For each HDF API exists a corresponding set of modules.
The following modules are related to the VS API.
- _hdfext
C extension module responsible for wrapping the HDF C library for all python modules
- hdfext
python module implementing some utility functions complementing the _hdfext extension module
- error
defines the HDF4Error exception
- HDF
python module providing support to the VS module
- VS
python module wrapping the VS API routines inside an OOP framework
_hdfext and hdfext were generated using the SWIG preprocessor. SWIG is however not needed to run the package. Those two modules are meant to do their work in the background, and should never be called directly. Only HDF and VS should be imported by the user program.
Prerequisites¶
The following software must be installed in order for VS to work.
- HDF (v4) library
pyhdf does not include the HDF4 library, which must be installed separately.
HDF is available at: “https://portal.hdfgroup.org/display/support/Download+HDF4”.
Numeric is also needed by the SD module. See the SD module documentation.
Documentation¶
pyhdf has been written so as to stick as closely as possible to the naming conventions and calling sequences documented inside the “HDF User s Guide” manual. Even if pyhdf gives an OOP twist to the C API, the manual can be easily used as a documentary source for pyhdf, once the class to which a function belongs has been identified, and of course once requirements imposed by the Python language have been taken into account. Consequently, this documentation will not attempt to provide an exhaustive coverage of the HDF VS API. For this, the user is referred to the above manual. The documentation of each pyhdf method will indicate the name of the equivalent routine as it is found inside the C API.
This document (in both its text and html versions) has been completely produced using “pydoc”, the Python documentation generator (which made its debut in the 2.1 Python release). pydoc can also be used as an on-line help tool. For example, to know everything about the VS.VD class, say:
>>> from pydoc import help
>>> from pyhdf.VS import *
>>> help(VD)
To be more specific and get help only for the read() method of the VD class:
>>> help(VD.read)
pydoc can also be called from the command line, as in:
% pydoc pyhdf.VS.VD # doc for the whole VD class
% pydoc pyhdf.VS.VD.read # doc for the VD.read method
Summary of differences between the pyhdf and C VS API¶
Most of the differences between the pyhdf and C VS API can be summarized as follows.

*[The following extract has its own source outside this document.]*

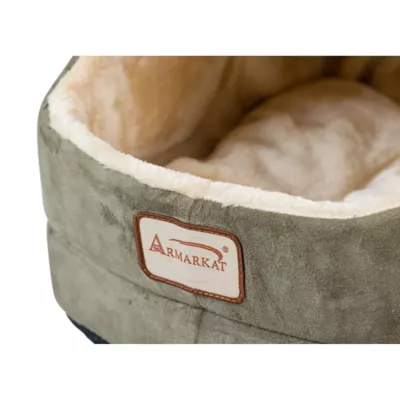 Product Armarkat Sage Green & Beige Faux Suede and Faux Fur Covered Cat Bed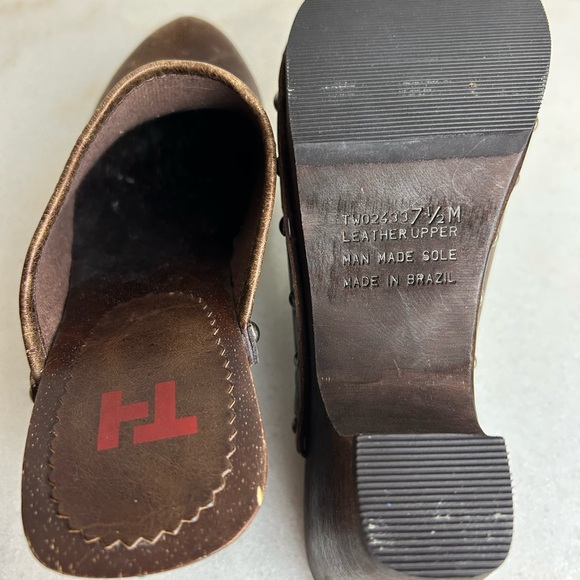 Vintage Brown Leather Studded Clogs Y2K Size 7 1/2 - Picture 8 of 8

In the C API, every function returns an integer status code, and values computed by the function are returned through one or more pointers passed as arguments.
In pyhdf, error statuses are returned through the Python exception mechanism, and values are returned as the method result. When the C API specifies that multiple values are returned, pyhdf returns a sequence of values, which are ordered similarly to the pointers in the C function argument list.
Error handling¶
All errors reported by the C VS API with a SUCCESS/FAIL error code are reported by pyhdf using the Python exception mechanism. When the C library reports a FAIL status, pyhdf raises an HDF4Error exception (a subclass of Exception) with a descriptive message. Unfortunately, the C library is rarely informative about the cause of the error. pyhdf does its best to try to document the error, but most of the time cannot do more than saying “execution error”.
VS needs support from the HDF module¶
The VS module is not self-contained (countrary to the SD module). It requires help from the HDF module, namely:
the HDF.HDF class to open and close the HDF file, and initialize the VS interface
the HDF.HC class to provide different sorts of constants (opening modes, data types, etc).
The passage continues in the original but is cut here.